Dr Lee Elliot, Partner and Global Head of Occupier Research, commented: “The office is central to the creation and maintenance of a corporate culture. It is essential to the innovation and creativity required to stay competitive. It is the place where essential (and often tacit) staff development and education occurs and where social connections transform into important professional collaborations. Businesses are immeasurably weaker without recourse to an identifiable collective hub.”
While new enquiries have fallen, the research shows that the amount of space under offer in London has not decreased markedly and few deals have been withdrawn as a result of the pandemic. Meanwhile, headline rents are set to hold firm despite a fall in transactional activity.
Hotels and other hospitality businesses have been among the biggest casualties of the coronavirus lockdown as worldwide travel bans and hotel closures called an unprecedented halt to tourism. As the UK government begins its gradual easing of lockdown, what does the future hold for the beleaguered hotel sector?
The government’s emergency financial measures have been key to the sector’s survival during lockdown, providing access to business support loans, grant funding, 12-month business rates holiday and the Coronavirus Job Retention Scheme.
Many hotel operators are now hoping to reopen in July to salvage what they can of the summer high season; a UK staycation boom is much hoped for as people make up for previously cancelled holidays. While nothing is sure at this stage, most tourism industry experts agree that it is likely to be a slow recovery, especially for those that have historically relied on demand from overseas tourists or business travellers.
Investors are increasingly likely to seek off-market deals in the coming months, as experts predict that the COVID-19 crisis will have a “significant impact” on the Scottish commercial property market.
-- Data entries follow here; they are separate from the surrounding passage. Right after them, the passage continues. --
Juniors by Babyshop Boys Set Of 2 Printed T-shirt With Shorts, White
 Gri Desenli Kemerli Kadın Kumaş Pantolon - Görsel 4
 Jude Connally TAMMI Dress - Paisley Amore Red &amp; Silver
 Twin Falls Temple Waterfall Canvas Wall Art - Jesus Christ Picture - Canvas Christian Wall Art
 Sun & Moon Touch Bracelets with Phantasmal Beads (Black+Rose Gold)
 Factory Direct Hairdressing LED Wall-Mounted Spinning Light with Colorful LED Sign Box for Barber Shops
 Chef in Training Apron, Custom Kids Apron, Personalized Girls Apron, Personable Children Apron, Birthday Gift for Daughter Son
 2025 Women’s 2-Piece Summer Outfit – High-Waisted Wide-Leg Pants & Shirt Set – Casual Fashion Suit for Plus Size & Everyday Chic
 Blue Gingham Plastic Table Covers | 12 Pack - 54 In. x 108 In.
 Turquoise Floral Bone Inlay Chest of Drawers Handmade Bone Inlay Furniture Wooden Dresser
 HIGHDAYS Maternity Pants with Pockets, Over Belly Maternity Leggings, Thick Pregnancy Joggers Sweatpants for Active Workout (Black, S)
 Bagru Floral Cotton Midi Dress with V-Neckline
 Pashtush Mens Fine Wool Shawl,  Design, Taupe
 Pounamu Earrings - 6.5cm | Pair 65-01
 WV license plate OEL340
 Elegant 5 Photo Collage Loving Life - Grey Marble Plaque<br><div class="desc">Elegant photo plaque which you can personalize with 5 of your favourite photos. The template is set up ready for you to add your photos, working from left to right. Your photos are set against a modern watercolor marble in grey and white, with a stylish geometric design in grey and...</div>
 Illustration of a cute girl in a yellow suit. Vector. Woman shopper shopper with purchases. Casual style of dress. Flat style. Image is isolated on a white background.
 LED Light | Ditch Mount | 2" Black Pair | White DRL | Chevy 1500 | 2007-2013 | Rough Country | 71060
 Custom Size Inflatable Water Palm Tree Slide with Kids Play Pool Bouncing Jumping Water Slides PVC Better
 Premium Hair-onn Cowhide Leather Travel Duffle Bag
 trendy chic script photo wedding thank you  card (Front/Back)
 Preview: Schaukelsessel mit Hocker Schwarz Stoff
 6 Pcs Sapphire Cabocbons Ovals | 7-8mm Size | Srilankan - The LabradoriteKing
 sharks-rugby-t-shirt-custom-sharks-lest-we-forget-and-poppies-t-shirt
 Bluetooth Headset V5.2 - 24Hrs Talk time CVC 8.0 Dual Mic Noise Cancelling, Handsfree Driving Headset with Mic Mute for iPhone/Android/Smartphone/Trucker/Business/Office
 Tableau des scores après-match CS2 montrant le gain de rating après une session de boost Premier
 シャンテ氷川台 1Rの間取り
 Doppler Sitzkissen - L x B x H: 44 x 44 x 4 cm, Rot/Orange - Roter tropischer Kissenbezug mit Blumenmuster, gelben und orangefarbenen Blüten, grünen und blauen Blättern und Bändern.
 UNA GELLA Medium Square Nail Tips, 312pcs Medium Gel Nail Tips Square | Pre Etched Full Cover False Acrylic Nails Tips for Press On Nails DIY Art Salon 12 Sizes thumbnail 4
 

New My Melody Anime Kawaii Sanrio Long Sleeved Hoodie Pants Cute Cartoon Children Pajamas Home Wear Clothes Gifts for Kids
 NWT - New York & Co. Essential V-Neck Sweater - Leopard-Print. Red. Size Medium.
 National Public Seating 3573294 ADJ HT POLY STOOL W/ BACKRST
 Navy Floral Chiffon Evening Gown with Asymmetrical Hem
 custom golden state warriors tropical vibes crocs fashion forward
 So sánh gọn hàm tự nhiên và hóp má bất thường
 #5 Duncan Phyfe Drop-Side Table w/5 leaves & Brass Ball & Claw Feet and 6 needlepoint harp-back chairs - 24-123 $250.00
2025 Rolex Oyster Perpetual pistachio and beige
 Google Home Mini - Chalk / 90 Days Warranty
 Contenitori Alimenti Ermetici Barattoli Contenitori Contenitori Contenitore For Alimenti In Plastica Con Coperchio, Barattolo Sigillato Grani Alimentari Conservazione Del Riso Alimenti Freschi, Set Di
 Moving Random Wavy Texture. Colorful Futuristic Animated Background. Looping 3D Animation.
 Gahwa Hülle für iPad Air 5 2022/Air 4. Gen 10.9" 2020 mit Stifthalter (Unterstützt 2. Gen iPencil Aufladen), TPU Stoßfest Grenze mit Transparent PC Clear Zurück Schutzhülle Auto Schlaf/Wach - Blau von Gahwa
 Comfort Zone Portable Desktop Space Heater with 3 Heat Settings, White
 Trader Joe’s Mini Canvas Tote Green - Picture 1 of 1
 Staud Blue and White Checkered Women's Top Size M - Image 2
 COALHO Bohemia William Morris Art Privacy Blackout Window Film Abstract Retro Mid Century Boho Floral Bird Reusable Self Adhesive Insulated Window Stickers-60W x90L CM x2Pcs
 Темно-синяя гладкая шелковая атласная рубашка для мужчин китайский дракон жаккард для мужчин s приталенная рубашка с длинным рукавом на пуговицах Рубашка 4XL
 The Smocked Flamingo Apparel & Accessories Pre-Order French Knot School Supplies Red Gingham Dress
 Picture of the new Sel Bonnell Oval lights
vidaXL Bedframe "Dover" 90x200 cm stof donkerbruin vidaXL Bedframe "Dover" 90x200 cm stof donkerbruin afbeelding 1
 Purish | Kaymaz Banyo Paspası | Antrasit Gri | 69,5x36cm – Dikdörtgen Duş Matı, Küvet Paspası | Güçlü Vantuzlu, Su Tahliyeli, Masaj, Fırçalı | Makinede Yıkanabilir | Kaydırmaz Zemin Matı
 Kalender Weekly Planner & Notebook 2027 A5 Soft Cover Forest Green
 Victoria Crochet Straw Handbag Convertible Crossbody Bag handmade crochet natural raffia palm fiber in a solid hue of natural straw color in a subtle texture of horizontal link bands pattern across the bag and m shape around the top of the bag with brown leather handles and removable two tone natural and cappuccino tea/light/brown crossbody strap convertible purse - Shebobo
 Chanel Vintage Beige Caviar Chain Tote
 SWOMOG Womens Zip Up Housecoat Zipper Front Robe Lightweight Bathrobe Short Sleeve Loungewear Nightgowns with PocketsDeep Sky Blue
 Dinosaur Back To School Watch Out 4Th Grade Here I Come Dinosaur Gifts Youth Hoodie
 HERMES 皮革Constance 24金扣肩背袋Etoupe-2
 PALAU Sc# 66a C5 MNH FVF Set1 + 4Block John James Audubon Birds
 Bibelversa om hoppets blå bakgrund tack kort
Despite the initial shock of the pandemic, however, the market remains in a much better position than it was during the global financial crisis, concludes Knight Frank.
In fact, off-market deals were already becoming the norm in 2019, with £457m worth of offices in Edinburgh – or 87% of the total transactional value – agreed through off-market deals or a targeted approach last year.
Euan Kelly, Capital Markets Partner at Knight Frank in Edinburgh, offered a positive message for the future: “There is no doubt that COVID-19 will have a significant impact on the commercial property market this year. However, while the initial shock of the outbreak took many people by surprise, there are signs of the market beginning to thaw.”
Source: Zoopla, data extracted 22 June 2020
|REGION||NO. PROPERTIES||AVG. ASKING PRICE|
|SOUTH EAST ENGLAND||1,294||£651,432|
|EAST OF ENGLAND||811||£489,241|
|NORTH EAST ENGLAND||965||£297,610|
|NORTH WEST ENGLAND||1,807||£406,364|
|SOUTH WEST ENGLAND||1,805||£588,608|
|YORKSHIRE AND THE HUMBER||1,441||£345,522|
|ISLE OF MAN||52||£479,025|
Source: RICS, UK Commercial Property Market Survey, Q1 2020
(This is the latest set of data. Next release is 30 June 2020)
All details are correct at the time of writing (22 June 2020)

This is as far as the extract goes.